Second, the increased break between games would give players more rest and recovery time. We’re told the more fatigued an athlete is, the more susceptible they are to injury. Hockey’s 82-game slate – with its quick turnarounds, intense travel and the shortest off-season among the big four pro sports – is gruelling.
By extension, the more rested a player is, the better the hockey will be. It’s widely accepted that by the time we get to the Stanley Cup final, the quality of play is past its best-before date. How about a 60-game season, two games a week for 30 weeks? Talk amongst yourselves. Just don’t include the owners in that chat. – Jason Kay, Editor In Chief
NO MORE SALARY CAP
Fear not, Detroit Red Wings fans. Your team won’t be on the hook for Henrik Zetterberg’s contract – you know, the one he signed in 2009 to “fool the system” – when he retires in two years. Because, as they did with Pavel Datsyuk, the Wings will find a team, probably one of the two in the desert, trying to get up to the salary cap floor to take it on until it runs out in 2021. That’s how it works with the salary cap in the NHL these days. It’s a shell game that does almost nothing to create parity and causes more problems than it solves.
Aside from saving the big markets money, the salary cap has been a dismal failure. For example, name one big-market team that got squeezed for a star player who defected to a small market. I’ll wait. And that parity it was supposed to create? Last time I checked, eight of the past nine Stanley Cups were won by three teams. Those teams are based in Pittsburgh, Los Angeles and Chicago, well-established medium- to large-market teams that are well run and have no troubles spending to the cap.
The salary cap has not been able to legislate against bad contracts or self-discipline. It has created an escrow system the players hate, and it forces bottom feeders to spend up to a level they would otherwise never even entertain if they had a choice. It’s time for the cap to go. – Ken Campbell, Senior Writer
Kings defenseman Christian Folin talks to NHL referee Cameron Voss.
REFEREE IN PRESS BOX
There are few things in hockey more aggravating than the referee furthest from the play getting a penalty call wrong. What did he see that the closer official didn’t catch? It’s mind-bending. And while the rulebook must absolutely be called if we want the NHL to be the most exciting game possible, there’s one move we can make that would vastly improve matters: kick one of those zebras up to the press box.
Is it a little Big Brother to have an eye in the sky? Perhaps, but you’d really cut down on the shenanigans away from the puck. If you’ve ever watched a game from the nosebleeds or the press box, you know the view you get is very different than it is from up close. With the on-ice ref concentrating on the play, the ref in the press box could look at the big picture and catch the rats of the game when they’re up to no good long after the puck is gone.
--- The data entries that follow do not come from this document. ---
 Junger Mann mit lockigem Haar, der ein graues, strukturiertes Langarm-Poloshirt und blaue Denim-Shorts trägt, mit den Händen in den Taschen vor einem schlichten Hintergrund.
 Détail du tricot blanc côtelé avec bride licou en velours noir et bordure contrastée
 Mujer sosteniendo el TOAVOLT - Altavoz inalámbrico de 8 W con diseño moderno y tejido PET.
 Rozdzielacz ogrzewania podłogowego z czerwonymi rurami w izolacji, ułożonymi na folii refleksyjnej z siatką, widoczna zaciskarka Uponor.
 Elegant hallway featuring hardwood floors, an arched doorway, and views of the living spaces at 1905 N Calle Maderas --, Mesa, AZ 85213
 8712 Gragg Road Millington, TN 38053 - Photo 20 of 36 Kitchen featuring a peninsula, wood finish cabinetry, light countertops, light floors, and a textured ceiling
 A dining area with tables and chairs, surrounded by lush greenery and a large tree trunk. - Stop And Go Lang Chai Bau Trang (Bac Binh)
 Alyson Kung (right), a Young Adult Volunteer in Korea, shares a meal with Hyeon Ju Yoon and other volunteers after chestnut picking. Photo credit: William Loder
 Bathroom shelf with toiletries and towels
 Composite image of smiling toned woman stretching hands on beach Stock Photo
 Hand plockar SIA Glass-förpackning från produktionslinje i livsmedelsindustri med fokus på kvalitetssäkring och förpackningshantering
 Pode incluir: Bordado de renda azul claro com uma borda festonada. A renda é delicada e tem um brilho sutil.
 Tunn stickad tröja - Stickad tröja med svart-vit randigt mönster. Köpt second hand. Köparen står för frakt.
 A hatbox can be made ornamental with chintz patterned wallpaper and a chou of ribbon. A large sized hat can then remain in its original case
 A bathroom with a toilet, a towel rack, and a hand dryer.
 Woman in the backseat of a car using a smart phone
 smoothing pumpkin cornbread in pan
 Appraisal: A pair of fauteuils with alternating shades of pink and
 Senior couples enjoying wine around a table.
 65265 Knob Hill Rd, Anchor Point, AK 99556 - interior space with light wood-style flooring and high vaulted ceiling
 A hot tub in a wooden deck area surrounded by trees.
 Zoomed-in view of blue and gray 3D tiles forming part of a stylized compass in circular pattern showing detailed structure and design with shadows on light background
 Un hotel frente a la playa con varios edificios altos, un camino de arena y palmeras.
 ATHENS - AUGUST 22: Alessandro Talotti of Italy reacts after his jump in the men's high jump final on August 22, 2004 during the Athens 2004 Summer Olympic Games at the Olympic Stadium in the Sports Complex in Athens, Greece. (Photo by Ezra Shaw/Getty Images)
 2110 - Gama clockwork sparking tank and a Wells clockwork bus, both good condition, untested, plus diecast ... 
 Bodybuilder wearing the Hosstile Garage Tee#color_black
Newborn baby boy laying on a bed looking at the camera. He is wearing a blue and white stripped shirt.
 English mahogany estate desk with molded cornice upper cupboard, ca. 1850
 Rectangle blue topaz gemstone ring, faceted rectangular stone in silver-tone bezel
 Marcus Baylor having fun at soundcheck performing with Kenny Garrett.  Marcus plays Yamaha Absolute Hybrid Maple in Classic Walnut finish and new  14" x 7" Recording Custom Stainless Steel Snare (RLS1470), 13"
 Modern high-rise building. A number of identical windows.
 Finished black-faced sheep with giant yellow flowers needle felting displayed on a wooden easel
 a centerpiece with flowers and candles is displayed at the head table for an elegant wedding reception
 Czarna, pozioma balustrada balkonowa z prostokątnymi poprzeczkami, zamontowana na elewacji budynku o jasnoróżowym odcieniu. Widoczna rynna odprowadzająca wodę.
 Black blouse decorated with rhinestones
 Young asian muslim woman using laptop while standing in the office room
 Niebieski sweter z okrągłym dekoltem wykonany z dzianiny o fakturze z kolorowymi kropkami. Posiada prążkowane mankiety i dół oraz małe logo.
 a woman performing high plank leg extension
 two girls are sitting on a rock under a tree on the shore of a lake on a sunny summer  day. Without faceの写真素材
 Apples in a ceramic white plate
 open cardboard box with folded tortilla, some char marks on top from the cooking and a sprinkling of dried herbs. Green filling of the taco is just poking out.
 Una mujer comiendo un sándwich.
Logistically, the press box ref would simply call down to the timekeeper’s bench when a penalty is spotted, and perhaps the timekeeper gets a whistle to blow to stop the play. It wouldn’t slow the game down, because it’s the same number of refs who can make calls – but their calls would be more accurate. And as an added benefit, it’d take a body off the ice to provide more room for the players. – Ryan Kennedy, Associate Senior Writer
ELIMINATE OFFSIDES
Obstruction crackdown. Trapezoid penalty. Smaller goalie pads. Enough with the half measures. If we want a tectonic shift in offense, we need a wild rule change. Let’s remove the bluelines and any concept of offside.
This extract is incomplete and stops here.